Le rendez-vous avec la mort ne peut être différé. Il est tellement urgent que son approche fige l'alentour dans une stase pérenne. L'eau et le ciel conjuguent une même noirceur. Leurs êtres fuligineux s'amalgament en une pâte sombre au chevet de tout commencement comme de toute fin. La scène qu'ils engluent se déroule dans un univers terminal aux dimensions surhumaines. On ne peut sortir de ce trou noir, il avale l'idée même d'un monde mouvant, d'un monde où le changement pourrait demeurer.
Après l'espoir, après la chute, après la fin et après les derniers réflexes subsiste la grandeur. Les masses gelées dans cette ambre sombre en imposent terriblement. Tout leur poids nous dit que rien ne pourra les faire bouger, car il n'existe aucune altérité.

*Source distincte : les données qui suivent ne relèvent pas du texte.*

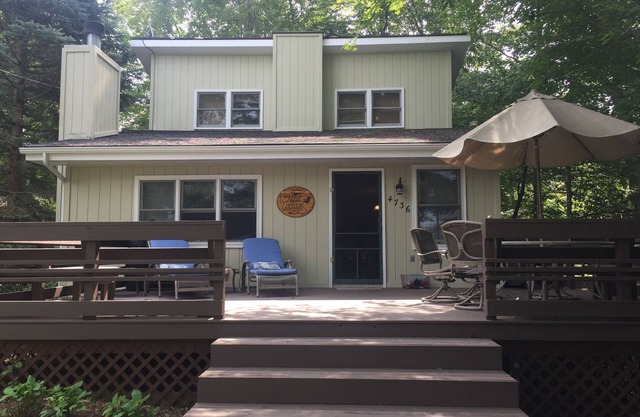 4bdrm Lake Michigan Home w/Beach Access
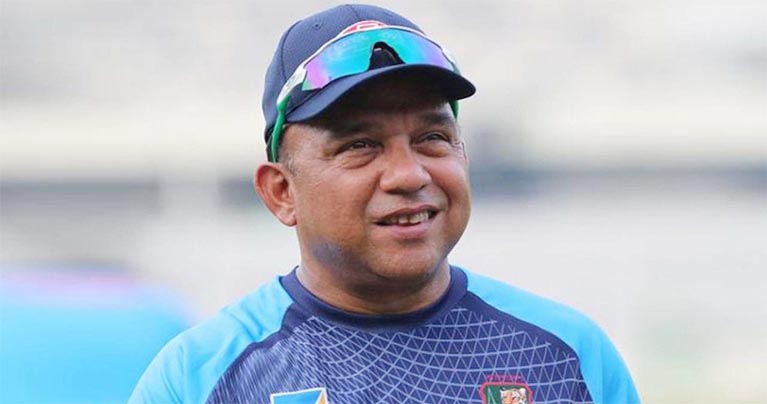 বিসিবি পরিচালক পদ থেকে সুজনের পদত্যাগ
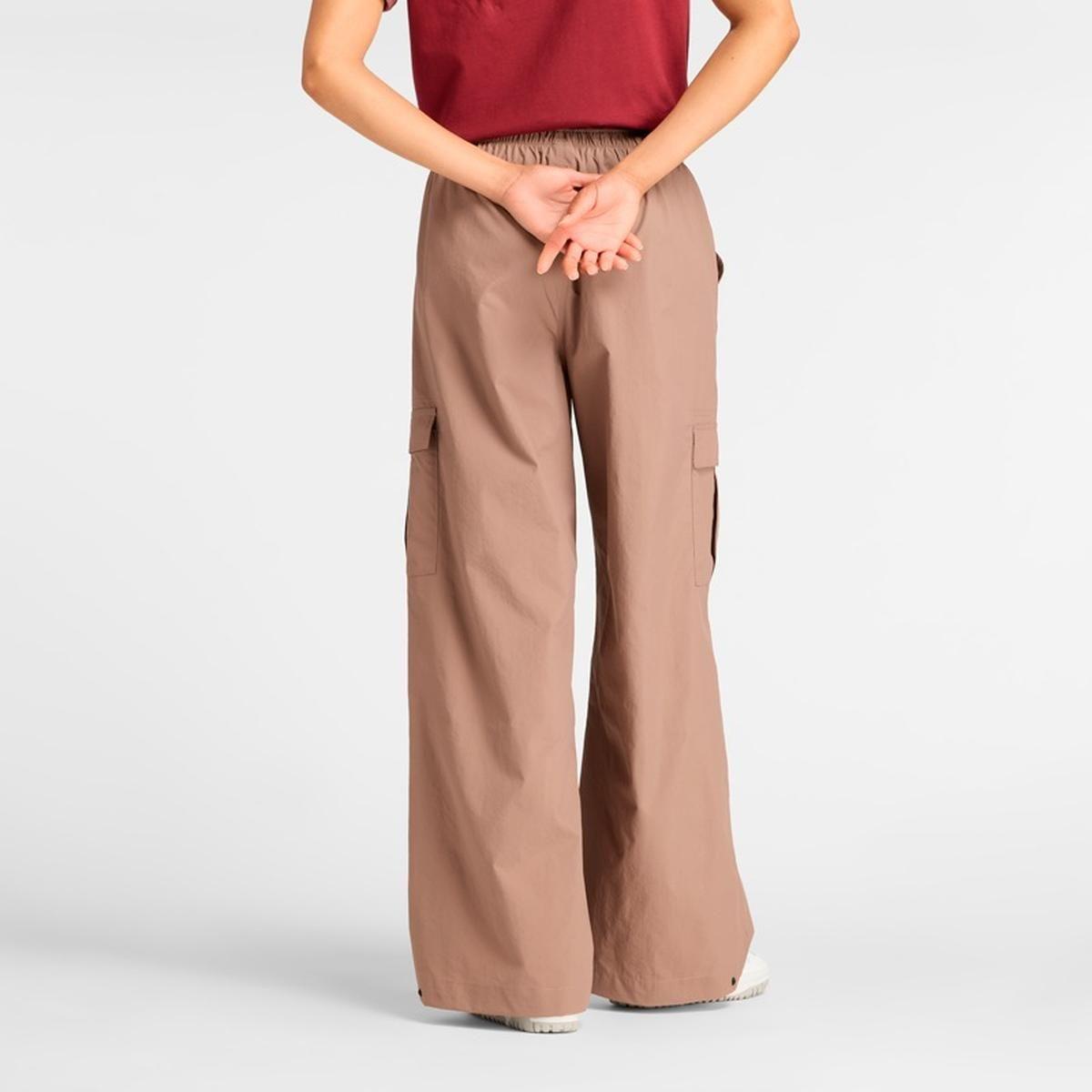 Pantalón Lifestyle Mujer New Balance Woven Cargo Café-1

Elles sont le monde fini, sans sentiment, sans souvenir, privé par-dessus tout de la conscience d'exister. Dévolues à la fin, elles incarnent une mort dépourvue de félicité, une mort où l'idée même d'ouverture sur une autre vie paraît sacrilège.

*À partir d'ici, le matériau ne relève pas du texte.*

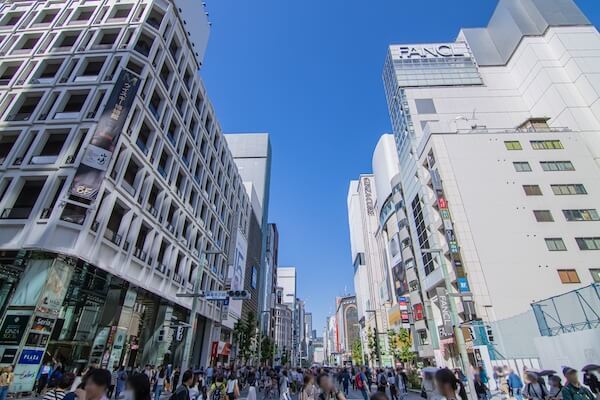 いづも巳之助の一株コラム:百貨店の7月の免税売上高はどうなるか?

Et pourtant il va résolument vers elle, cet être droit comme les ifs au loin. Elle est terrible la lumière qui le baigne. Elle sait qu'elle n'a rien à faire de l'illumination dansant dans les prunelles des humains. Demain, hier et à jamais elle peuple l'intérieur de ce qui a été un homme. Elle sait où elle va, là-bas, dans un espace qui est alloué à son porteur. Là-bas, elle ne brillera pas, elle témoignera, fantomatique, à l'attention des vivants.
A côté de moi, une jeune maman regarde gravement la toile en portant son enfant sur le bras. Il vient de lui mordiller l'oreille. En représailles, elle lui pince le nez doucement et il rit en secouant la tête.
Arnold Böcklin (1827-1901), artiste originaire de Bâle, a fait cinq versions différentes de ce tableau. Celle-ci, la première, fut réalisée en 1880. A partir de la troisième, il a ajouté ses initiales sur la tombe à droite de l'île.